HE FEARED FOR BASSETT’S FUTURE
By JIM KEVLIN • The Freeman’s Journal & Hometown Oneonta
COOPERSTOWN – When Otsego Now CEO Jody Zakrevsky arrived a year ago, he was told not to bring natural gas to Cooperstown, he said to a Cooperstown audience Monday, April 9, in one of several “Town Hall” meetings he’s convening around the county.
Asked afterward who told him, he said the leadership of Otsego 2000, board President Nicole Dillingham and Executive Director Ellen Pope. “They advised me there would be strong opposition,” said Zakrevsky. “At the time, I took their advice.”
Dillingham disagreed, “We had a cordial meeting to discuss our work, and his work. We never told him what he could do. That’s absurd.”
Otsego Now is the county’s Industrial Development Agency; Otsego 2000 is the Cooperstown-based environmental group.
There are two options to serving Cooperstown with natural gas, Zakrevsky said in an interview the morning after the “Town Hall” – running a line from Oneonta’s NYSEG system; or the preferred option, running a line down Route 28 from Richfield Springs’ Tennessee line, which has a greater gas supply.
Such a plan would run into opposition both in Fly Creek and Cooperstown, he said he was told.
The issue of energy arose Monday in the Village Hall Ballroom during a discussion of Bassett Hospital’s future in Cooperstown.
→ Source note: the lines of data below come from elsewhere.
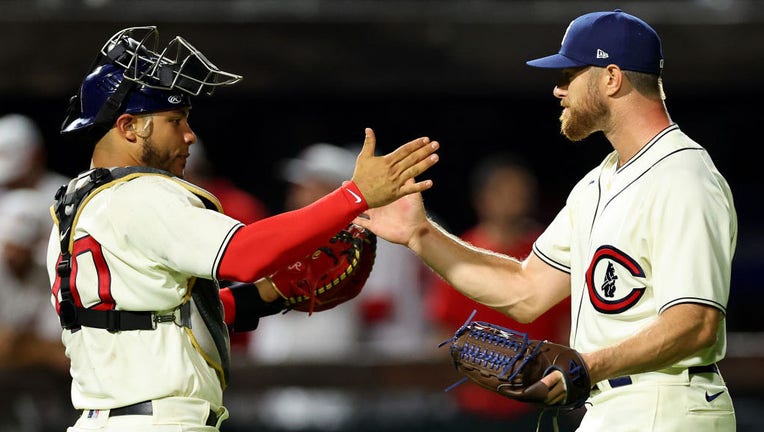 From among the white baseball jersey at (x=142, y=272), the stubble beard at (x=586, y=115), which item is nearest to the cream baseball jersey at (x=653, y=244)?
the stubble beard at (x=586, y=115)

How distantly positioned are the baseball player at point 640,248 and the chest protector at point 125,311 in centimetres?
110

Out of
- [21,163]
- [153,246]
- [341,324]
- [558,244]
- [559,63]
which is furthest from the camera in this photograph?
[21,163]

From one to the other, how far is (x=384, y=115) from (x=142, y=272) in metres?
7.05

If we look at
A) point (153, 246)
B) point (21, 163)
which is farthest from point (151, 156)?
point (21, 163)

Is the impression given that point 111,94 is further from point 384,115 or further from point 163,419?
point 384,115

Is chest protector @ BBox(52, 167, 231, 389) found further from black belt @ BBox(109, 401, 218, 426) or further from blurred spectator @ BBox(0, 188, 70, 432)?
blurred spectator @ BBox(0, 188, 70, 432)

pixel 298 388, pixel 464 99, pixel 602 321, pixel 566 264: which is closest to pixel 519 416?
pixel 298 388

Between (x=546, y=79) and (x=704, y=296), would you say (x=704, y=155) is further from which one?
(x=546, y=79)

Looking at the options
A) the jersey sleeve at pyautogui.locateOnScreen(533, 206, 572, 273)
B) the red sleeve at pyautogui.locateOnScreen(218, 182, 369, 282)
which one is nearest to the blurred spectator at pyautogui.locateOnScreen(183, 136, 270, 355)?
the jersey sleeve at pyautogui.locateOnScreen(533, 206, 572, 273)

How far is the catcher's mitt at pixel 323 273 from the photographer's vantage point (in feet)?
15.3

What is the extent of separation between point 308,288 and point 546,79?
4.61 meters

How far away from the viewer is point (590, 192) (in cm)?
442

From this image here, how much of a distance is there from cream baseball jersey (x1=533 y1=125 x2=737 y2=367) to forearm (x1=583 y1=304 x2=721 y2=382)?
0.12 ft

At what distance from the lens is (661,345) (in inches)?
150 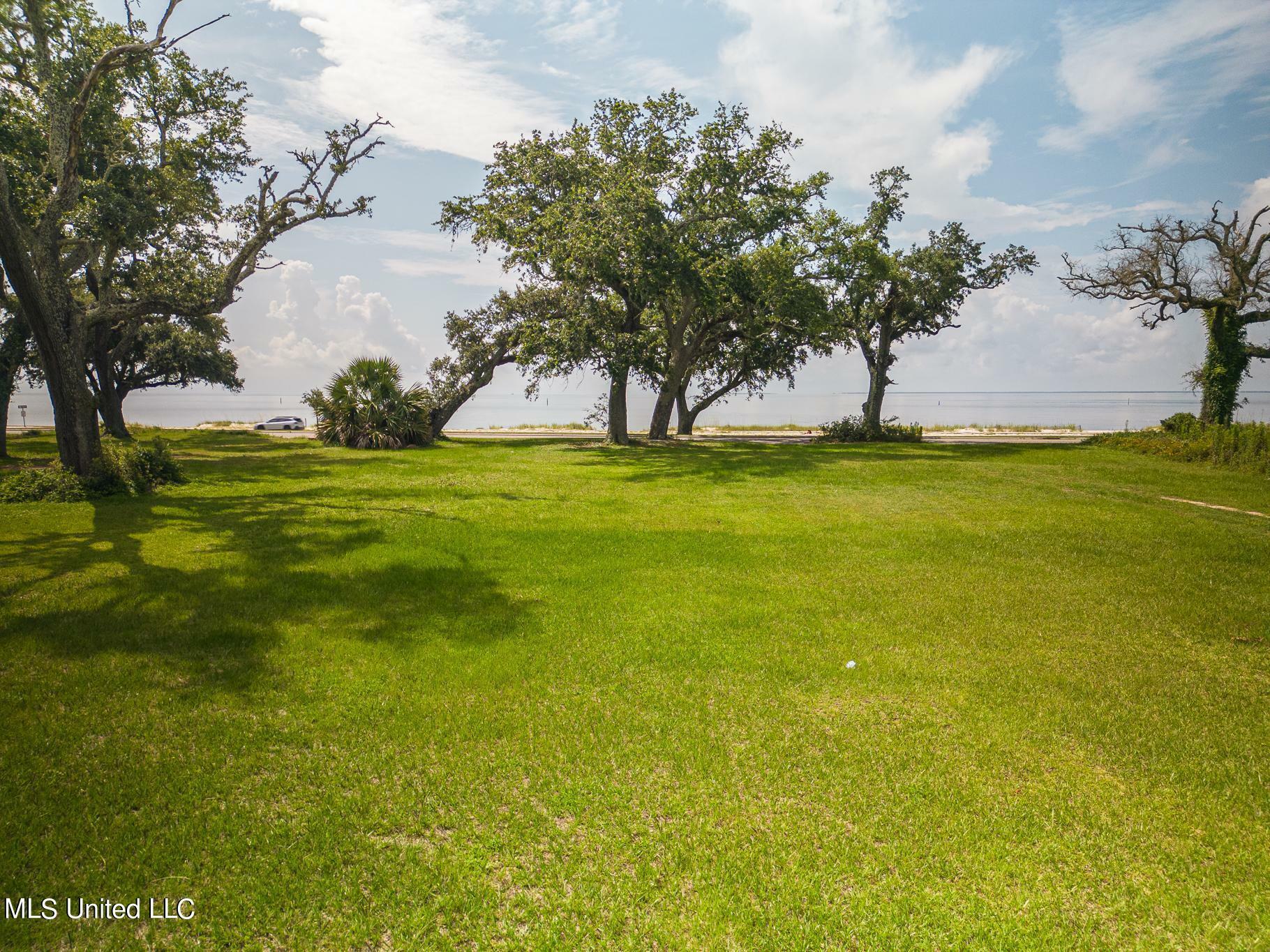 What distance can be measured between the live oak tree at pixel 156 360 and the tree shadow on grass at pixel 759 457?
56.9ft

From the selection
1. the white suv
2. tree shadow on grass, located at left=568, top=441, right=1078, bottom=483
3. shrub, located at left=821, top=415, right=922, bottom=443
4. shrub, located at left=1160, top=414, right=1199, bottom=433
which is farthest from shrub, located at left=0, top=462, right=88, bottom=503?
the white suv

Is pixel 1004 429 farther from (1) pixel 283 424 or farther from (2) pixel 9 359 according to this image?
(1) pixel 283 424

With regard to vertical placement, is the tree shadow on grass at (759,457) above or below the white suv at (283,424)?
below

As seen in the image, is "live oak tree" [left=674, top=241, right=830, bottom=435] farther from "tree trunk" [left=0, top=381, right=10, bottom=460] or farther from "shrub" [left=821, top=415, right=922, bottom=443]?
"tree trunk" [left=0, top=381, right=10, bottom=460]

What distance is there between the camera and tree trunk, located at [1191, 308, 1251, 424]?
81.4ft

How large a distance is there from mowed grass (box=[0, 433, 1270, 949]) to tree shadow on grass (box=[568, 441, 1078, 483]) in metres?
7.24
Zakrevsky and attendees agreed the healthcare network is having trouble recruiting doctors and medical personnel, who then can’t find housing when they get here.
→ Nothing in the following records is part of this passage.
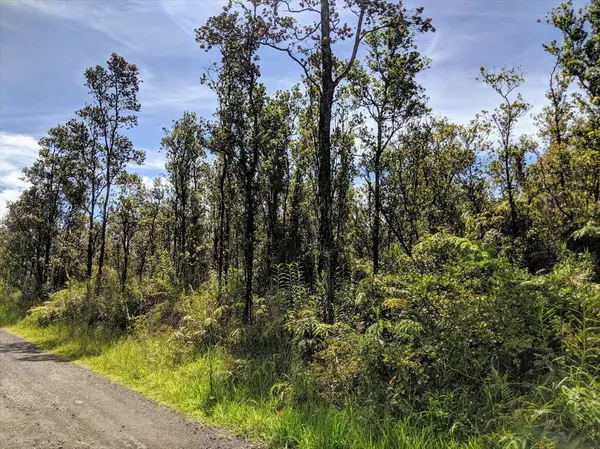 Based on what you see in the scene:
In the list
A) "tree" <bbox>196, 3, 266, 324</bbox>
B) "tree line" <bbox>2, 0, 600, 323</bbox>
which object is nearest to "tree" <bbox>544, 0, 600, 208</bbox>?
"tree line" <bbox>2, 0, 600, 323</bbox>

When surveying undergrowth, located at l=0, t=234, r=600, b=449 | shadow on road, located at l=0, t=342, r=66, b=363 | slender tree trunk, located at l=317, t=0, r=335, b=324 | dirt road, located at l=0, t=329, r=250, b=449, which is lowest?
shadow on road, located at l=0, t=342, r=66, b=363

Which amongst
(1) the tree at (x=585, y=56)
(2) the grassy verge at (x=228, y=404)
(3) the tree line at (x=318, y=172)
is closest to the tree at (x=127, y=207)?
(3) the tree line at (x=318, y=172)

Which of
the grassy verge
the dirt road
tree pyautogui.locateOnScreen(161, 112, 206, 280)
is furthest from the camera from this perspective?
tree pyautogui.locateOnScreen(161, 112, 206, 280)

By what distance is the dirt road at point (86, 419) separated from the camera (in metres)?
4.81

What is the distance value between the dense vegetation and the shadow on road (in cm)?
63

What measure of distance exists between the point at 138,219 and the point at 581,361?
2285 centimetres

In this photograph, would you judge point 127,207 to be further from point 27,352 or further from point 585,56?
point 585,56

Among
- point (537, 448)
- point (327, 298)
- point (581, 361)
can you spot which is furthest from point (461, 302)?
point (327, 298)

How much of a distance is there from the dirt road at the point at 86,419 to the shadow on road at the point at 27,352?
1987 mm

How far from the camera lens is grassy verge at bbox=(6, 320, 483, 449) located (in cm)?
445

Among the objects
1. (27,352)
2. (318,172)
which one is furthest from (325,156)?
(27,352)

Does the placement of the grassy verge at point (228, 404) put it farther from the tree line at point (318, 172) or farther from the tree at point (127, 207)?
the tree at point (127, 207)

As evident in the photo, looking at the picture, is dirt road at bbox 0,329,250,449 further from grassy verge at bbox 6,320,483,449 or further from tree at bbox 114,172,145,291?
tree at bbox 114,172,145,291

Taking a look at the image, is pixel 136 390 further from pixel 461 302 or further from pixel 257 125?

“Don’t assume institutions are going to stay here forever,” the economic-developer told the gathering.
Knowing Bassett only has access to more expensive fuel oil, he said Otsego Now, when approached several months later by the hospital system seeking to refinance its debt, Zakrevsky’s organization was happy to comply.
Last fall, the county IDA refinanced $72 million in existing and new debt at relatively low rates, he said: Bassett at 3 percent and its related Templeton Foundation at 1.3 percent.
Noting that Bassett has already moved some of its back-office operations to Utica, Zakrevsky said the hospital’s management has “a real dedication to staying in the area. But it’s a real challenge for them.”
The relative cost of oil is 50 percent higher than natural gas, according to Michael German, Leatherstocking Gas Co. president who attended the Otsego Chamber’s Energy Summit in January. He said 20 million BTUs of heating oil sells for about $18, compared to $12 for the same heat from natural gas.
In an interview, Dillingham said Otsego 2000 “would never presume to tell Bassett what they can or cannot apply for and do.”
There was discussion about the cost of a decompressor station, since proposed by Otsego Now for the former Pony Farm Commerce Park off I-88 in the Town of Oneonta, she said, adding, “It’s clear that our region does not want these huge bomb trucks in the community. I don’t think that’s a solution.”
She said at another point, “The gas is already here; it is already being used,” she said. “What we are hoping for is a time when we will work together, when we will switch over as much of our needs as possible to renewables for the good of the community. We need to work together on this.”